Lipid Profiling Extraction Method for Arabidopsis Leaves (Method 1)

This procedure is generalized. Use of smaller samples is possible. Please contact Mary Roth at mrroth@ksu.edu (please include a subject line) to inquire.

A .pdf of this method, including shipping directions, can be found here.

  1. Take up to 8 leaves (or up to 3 whole little plants- see NOTE #2); quickly immerse in 3 ml 75ºC (preheated) isopropanol with 0.01% BHT (butylated hydroxytoluene, e.g., Sigma B1378) for 15 min. Use a 50 ml (25 x 150 mm) glass tube with a Teflon-lined screw cap. NOTE #1: It is extremely important that the plants be extracted immediately after sampling and that the isopropanol be preheated. Plants have very active phospholipase D, which is activated upon wounding; failure to place the sampled tissue quickly into hot isopropanol will result in generation of phosphatidic acid. NOTE #2: To do the analysis, only a fraction of an Arabidopsis leaf is needed. Use of more tissue reduces variability among samples. Dry weights of 5 to 30 mg, measured as in step 7, are recommended.

  2. Add 1.5 ml chloroform and 0.6 ml water, vortex; then agitate (shaking incubator) at room temperature for 1 hour. Transfer (long, glass Pasteur pipettes) lipid extracts to glass tubes with Teflon-lined screw-caps.

  3. Add 4 ml chloroform/methanol (2:1) with 0.01% BHT; shake 30 min. Repeat this extraction procedure on all samples until the leaves of every sample become white, but typically each sample is extracted the same number of times. (Use one pipette in each sample for all extractions, leaving them in the removed extract while extracting the remaining materials.) It's OK to leave for somewhat longer than 30 min on later extractions. Usually you will need about 5 extractions, including the one with the isopropanol.

  4. Add 1 ml 1 M KCl to the combined extract, vortex or shake, centrifuge, discard upper phase.

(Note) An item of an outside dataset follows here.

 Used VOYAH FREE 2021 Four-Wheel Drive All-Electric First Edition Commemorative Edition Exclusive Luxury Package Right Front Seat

  5. Add 2 ml water, vortex or shake, centrifuge, discard upper phase.

  6. Fill tubes with nitrogen, store at -20°C (freezer).  When you are ready to prepare for shipping, evaporate completely under nitrogen gas or a speedvac, and redissolve in about 1.0 ml chloroform.  Transfer to 2.0 ml clear glass vial with Teflon-lined screw cap (for example: clear glass; 2 mL; solid PTFE-lined cap; 1/2 dr.,  Fisher Scientific catalog #03-391-7A,  Thermo Scientific  No.: B7800-1).   ALWAYS let us know before you send your samples: mrroth@ksu.edu

  7. Dry extracted leaves at 105°C oven overnight; weigh for "dry" weights.

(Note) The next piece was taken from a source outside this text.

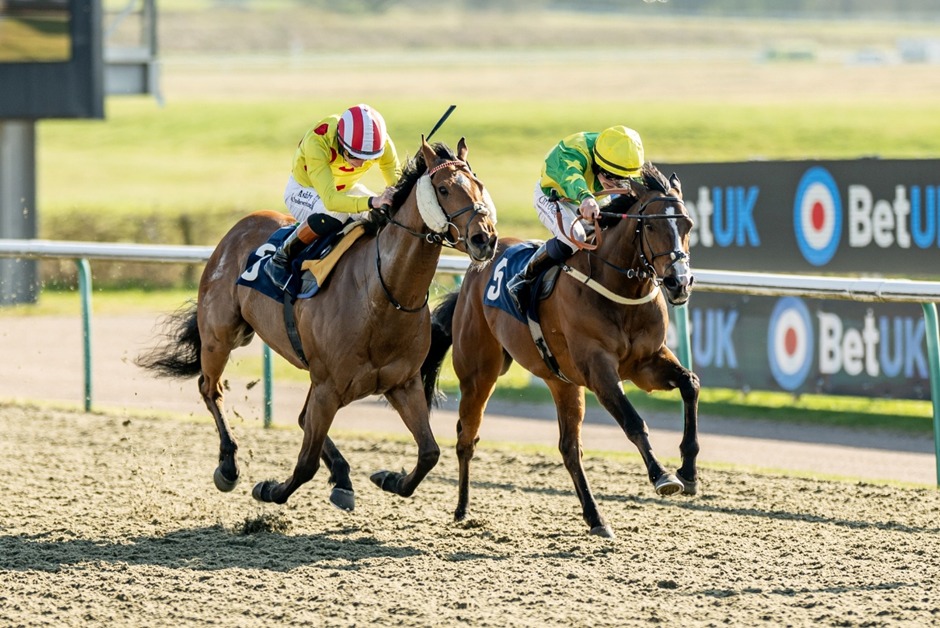 Lingfield Racecards 21 January at Lingfield Park all-weather track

Note: This procedure can be adapted for other plant tissues, including roots, stems, flowers, and siliques.


Lipid Profiling Extraction Method for Leaves (Method 2, tested on Arabidopsis and sorghum)

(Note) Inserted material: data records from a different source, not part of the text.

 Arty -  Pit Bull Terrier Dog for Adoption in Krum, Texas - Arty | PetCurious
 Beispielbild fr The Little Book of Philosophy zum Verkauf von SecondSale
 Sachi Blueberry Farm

A more rapid method of lipid extraction was recently described by Shiva et al. (2018): https://plantmethods.biomedcentral.com/articles/10.1186/s13007-018-0282-y

This approach gets a good extraction from leaves in a single step.  If following Method 2, after removing the plant materials (as shown in Figure 2), follow steps #6 and #7 in the above protocol.